BEST MODE FOR CARRYING OUT THE INVENTION

After devoted study and due consideration, the inventors of the present invention concluded that impact extrusion molding can be conducted with metal flow from the bottom of a slug toward the side of the molded product being suppressed, by opening and closing a hole in the bottom of a dice, and that an impact extrusion molded article that is small in the variation of metallographic structure on the lower outer surfaces on the side of the molded product, and that is excellent in appearance design, can be thereby obtained.
The present invention has been completed based on this knowledge.
The preferred embodiments of the impact extrusion molded article, the impact extrusion molding method, and the impact extrusion molding apparatus according to the present invention, will be described hereinafter with reference to Figs. 1 to 9. It should be noted that the same constituent elements are denoted by the same reference numerals throughout the drawings in explanation of the respective drawings.

FIRST EMBODIMENT

Fig. 1 is a partially sectional explanatory view showing the first embodiment of the impact extrusion molding apparatus according to the present invention. Figs. 2 and 3 are partially sectional explanatory views showing that a semifinished product is being extrusion molded by the apparatus in the first embodiment shown in Fig. 1. Fig. 4 is an enlarged sectional explanatory view of the top end portion of a punch shown in Fig. 3. Fig. 5 is a cross-sectional view of an extrusion molded product.

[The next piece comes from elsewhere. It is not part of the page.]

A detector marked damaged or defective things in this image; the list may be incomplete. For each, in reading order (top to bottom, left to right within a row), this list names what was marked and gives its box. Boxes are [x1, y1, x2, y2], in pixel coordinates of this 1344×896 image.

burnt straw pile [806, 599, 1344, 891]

In Fig. 1, a dice 1 and a punch 2 are attached to a dice holder 10 and a punch holder 20, respectively, similarly to the conventional apparatus.

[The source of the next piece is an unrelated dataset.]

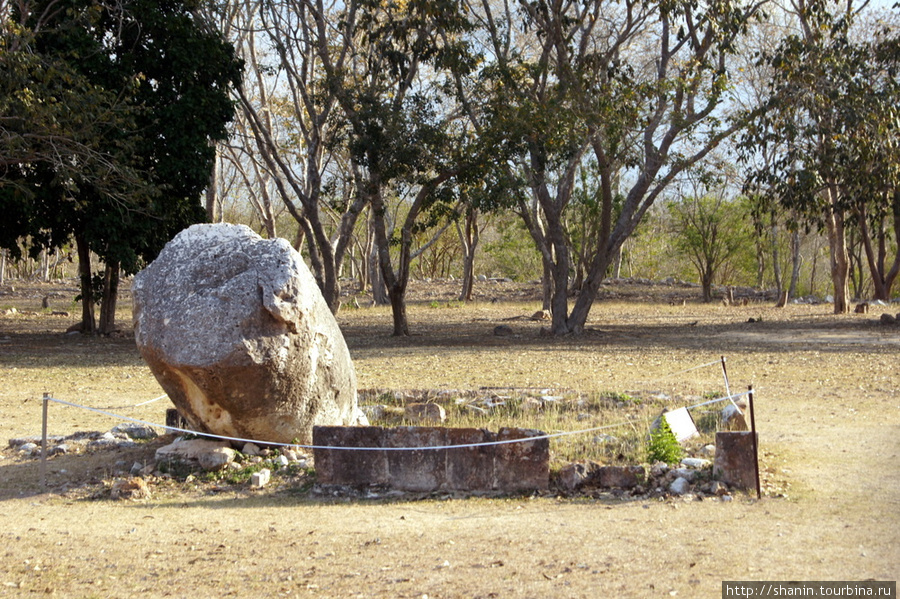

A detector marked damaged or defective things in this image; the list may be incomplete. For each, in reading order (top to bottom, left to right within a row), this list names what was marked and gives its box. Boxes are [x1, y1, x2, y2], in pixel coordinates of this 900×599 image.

Holes 11 and 12, equal in diameter and communicating with each other, are formed to go through the bottom of the dice 1, and that of the dice holder 10, respectively. A rod 50 is provided, to slide in these holes 11 and 12, and an opening/closing means 5, for opening and closing the hole 11 in the bottom of the dice 1, is provided on the upper end of the rod 50.

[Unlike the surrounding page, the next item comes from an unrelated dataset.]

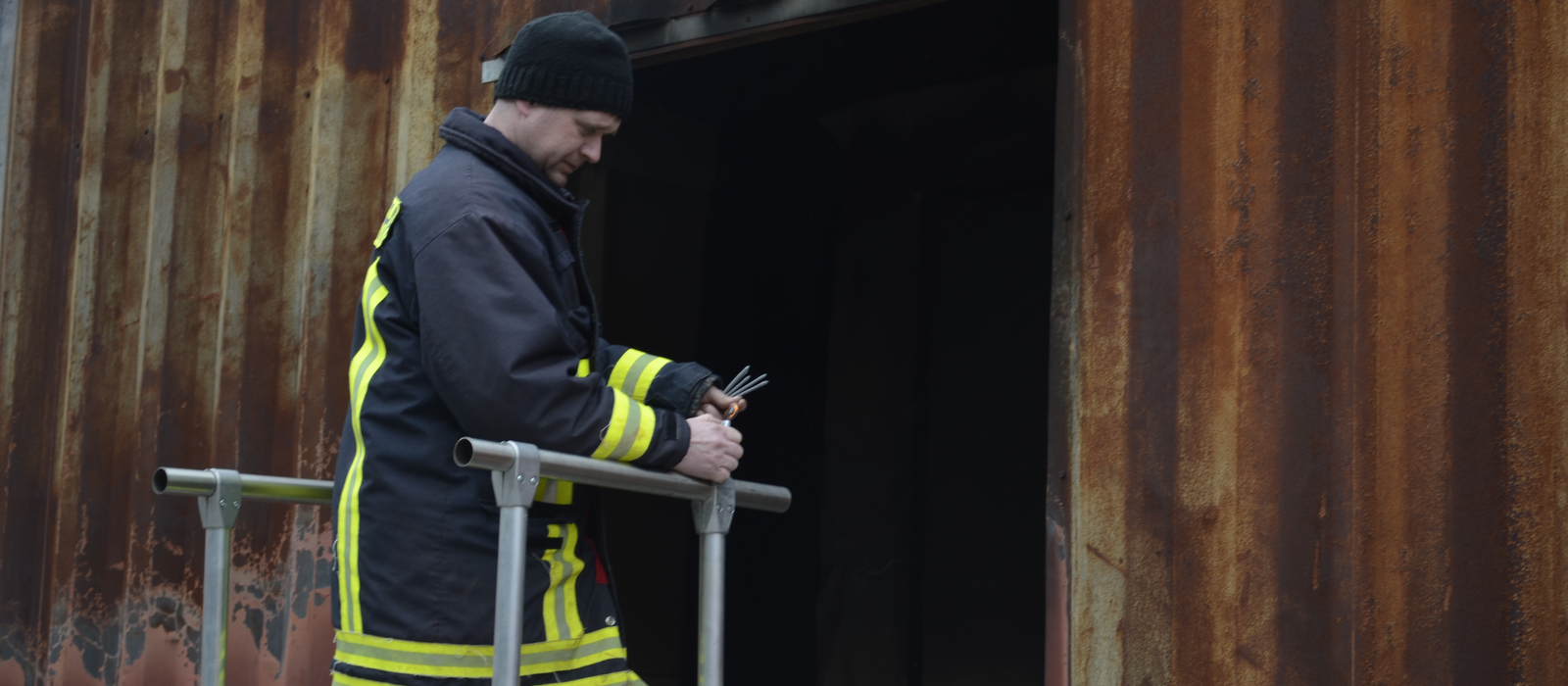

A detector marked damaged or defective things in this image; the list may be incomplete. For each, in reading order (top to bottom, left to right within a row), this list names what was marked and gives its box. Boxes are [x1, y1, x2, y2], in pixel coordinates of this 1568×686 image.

rusty shipping container [1051, 0, 1568, 682]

A back pressure applying means 6, which consists of, for example, a hydraulic cylinder, is provided below the dice holder 10. The back pressure applying means 6 is constituted to be supplied with pressure from a hydraulic pump 60, at appropriate times.
The opening/closing means 5 operates as follows. When back pressure in a direction opposite to the punch 2 is applied to the opening/closing means 5, by the back pressure applying means 6, through a piston 61 and the rod 50, the opening/closing means 5 closes the hole 11 in the bottom of the dice 1 against the molding pressure of the punch 2. By relieving the back pressure applied by the back pressure applying means 6 on the opening/closing means 5, the opening/closing means 5 is lowered, to open the hole 11 in the bottom of the dice 1.
A pressure sensor 7, which detects molding load (pressure) applied by the punch 2, is provided above the punch 2, and a position sensor 8, which detects the level of the punch 2, is provided on the side of the punch 2. Based on detection information from these sensors 7 and 8, the solenoid valve 62 of the hydraulic pump 60 is opened or closed, thus controlling the back pressure applying means 6.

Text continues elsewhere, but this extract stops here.